Training Generative Adversarial Networks via stochastic Nash games
This work addresses the training instability in GANs, a key issue for researchers and practitioners in generative modeling, by providing a theoretically grounded algorithm with convergence guarantees, though it is incremental as it builds on existing Nash game frameworks.
The paper tackles the challenge of training Generative Adversarial Networks (GANs) by modeling it as a stochastic Nash equilibrium problem and proposes a stochastic relaxed forward-backward (SRFB) algorithm, showing convergence to an exact solution with increasing data and to a neighborhood with few samples under weak monotonicity assumptions, applied to image generation.

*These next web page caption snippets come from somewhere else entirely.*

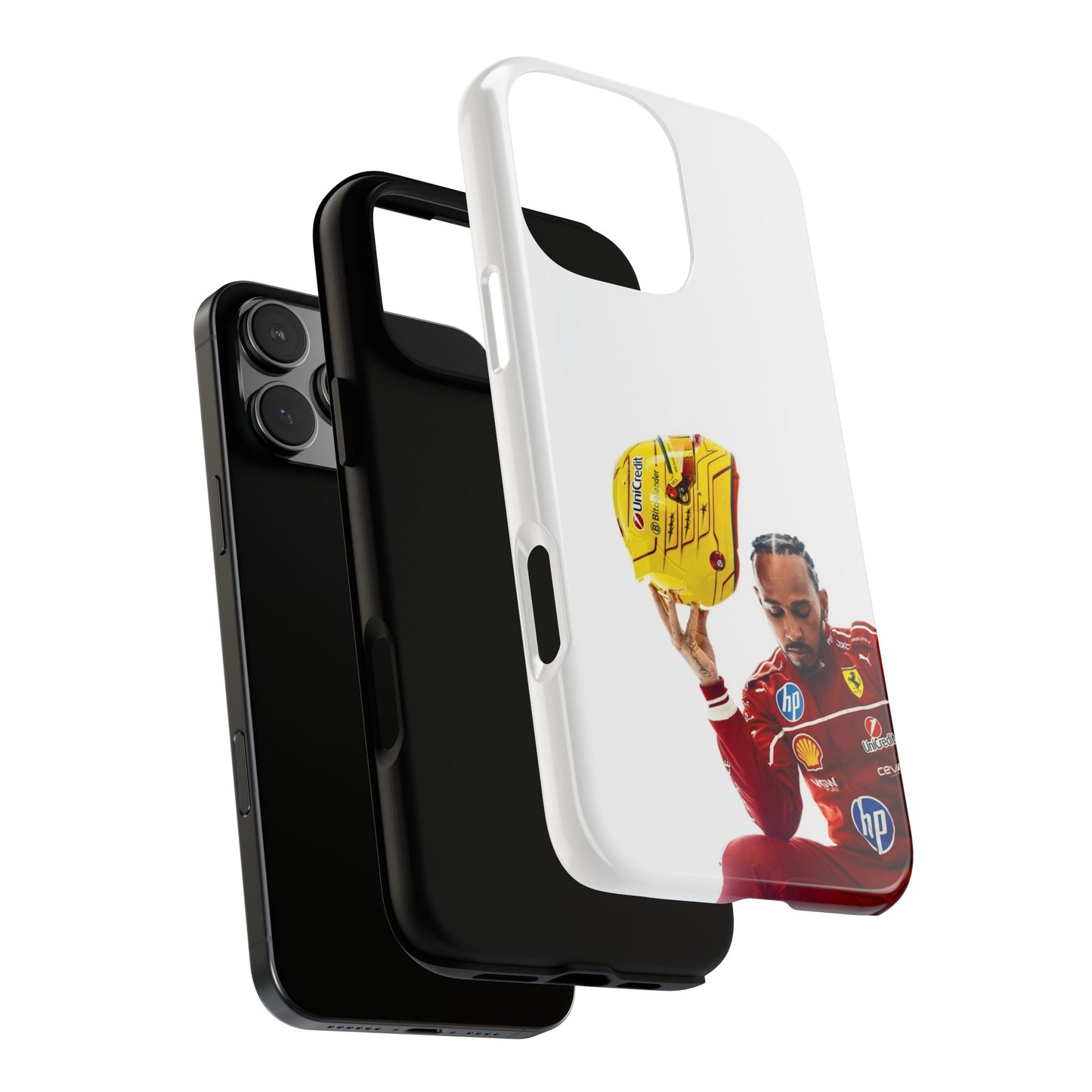 Lewis Hamilton Iphone Case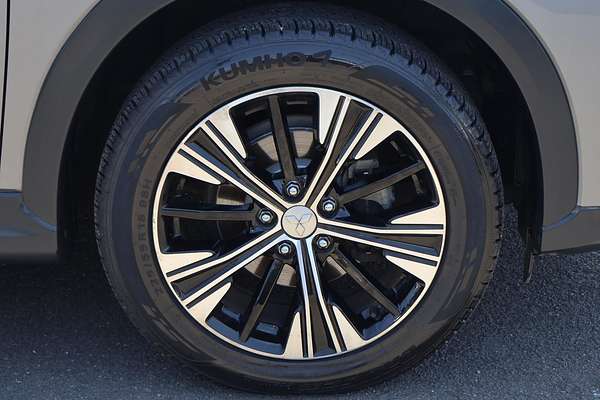 2018 Mitsubishi Eclipse Cross ES YA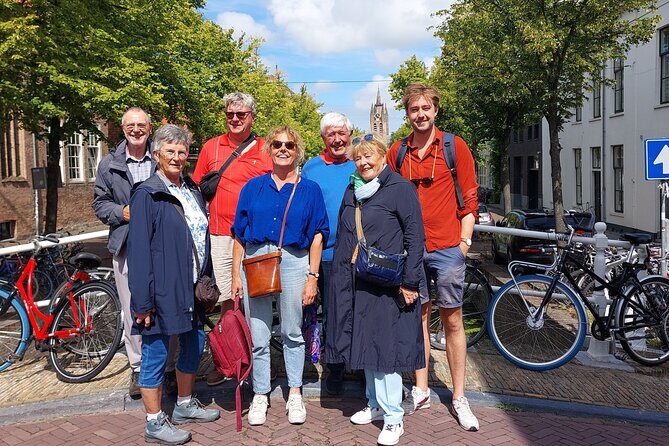 Private Tour of The Hague, Delft and Rotterdam with Lunch - In The Sum Up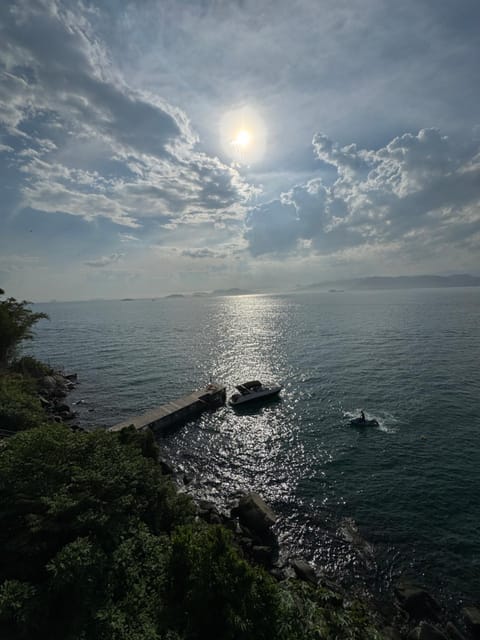 Refúgio da Lagoa azul Apartment in Angra dos Reis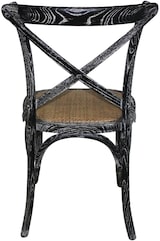 thumbnail of Sillas Bolero de madera de abedul lavada en negro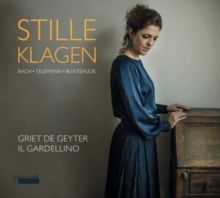 Stille Klagen (CD / Album)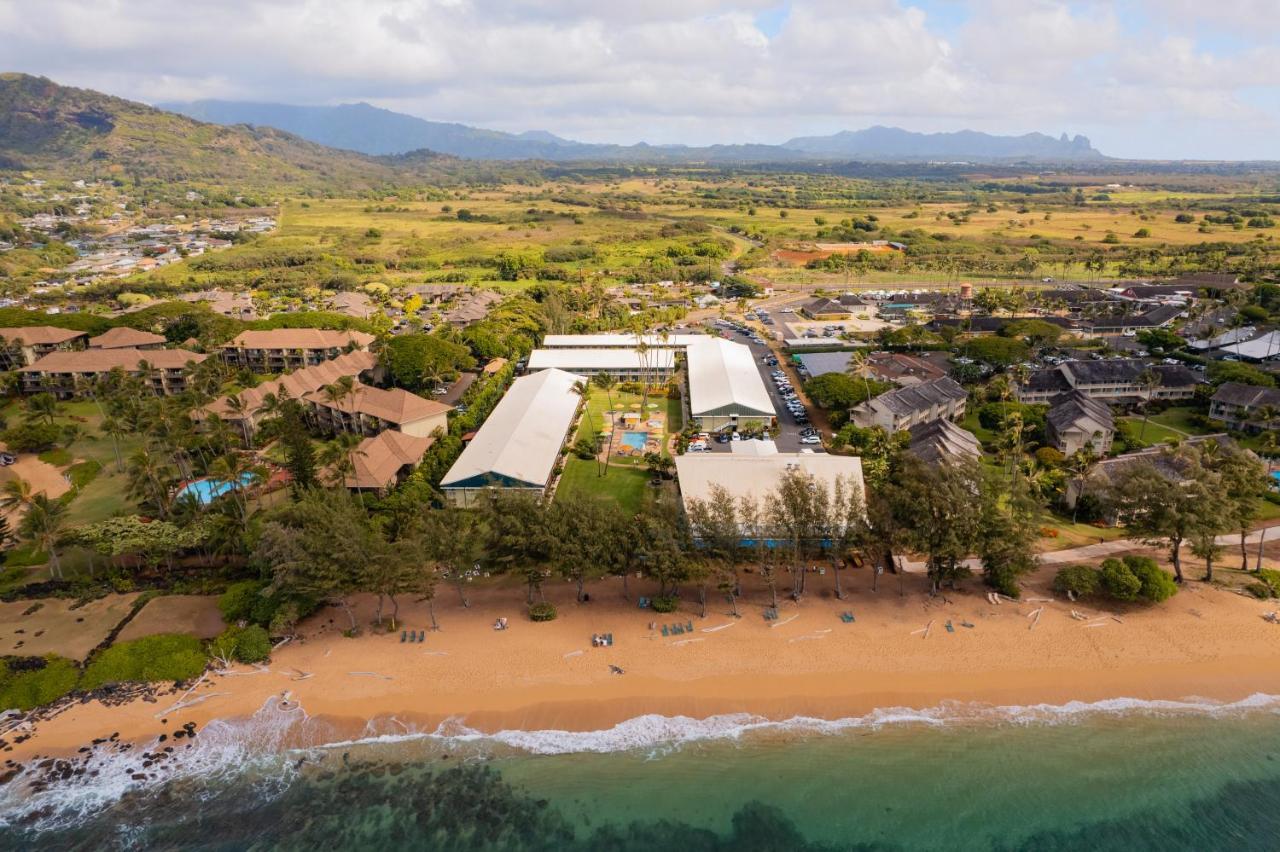 Kauai Shores Hotel Капаа Экстерьер фото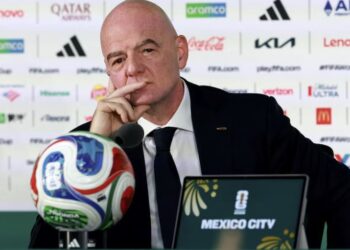 El impactante aumento de sueldo que habría recibido Gianni Infantino si se aprobaba el proyecto fallido de la FIFA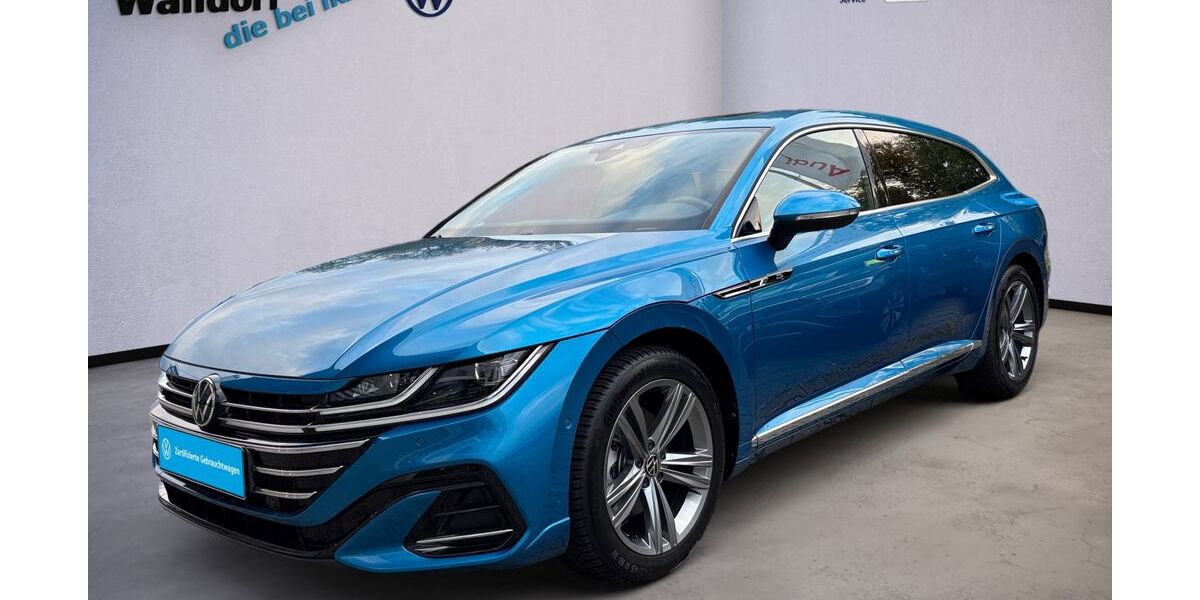 VW Arteon 5.257 km 45.338 € Walldorf 69190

Generative adversarial networks (GANs) are a class of generative models with two antagonistic neural networks: a generator and a discriminator. These two neural networks compete against each other through an adversarial process that can be modeled as a stochastic Nash equilibrium problem. Since the associated training process is challenging, it is fundamental to design reliable algorithms to compute an equilibrium. In this paper, we propose a stochastic relaxed forward-backward (SRFB) algorithm for GANs and we show convergence to an exact solution when an increasing number of data is available. We also show convergence of an averaged variant of the SRFB algorithm to a neighborhood of the solution when only few samples are available. In both cases, convergence is guaranteed when the pseudogradient mapping of the game is monotone. This assumption is among the weakest known in the literature. Moreover, we apply our algorithm to the image generation problem.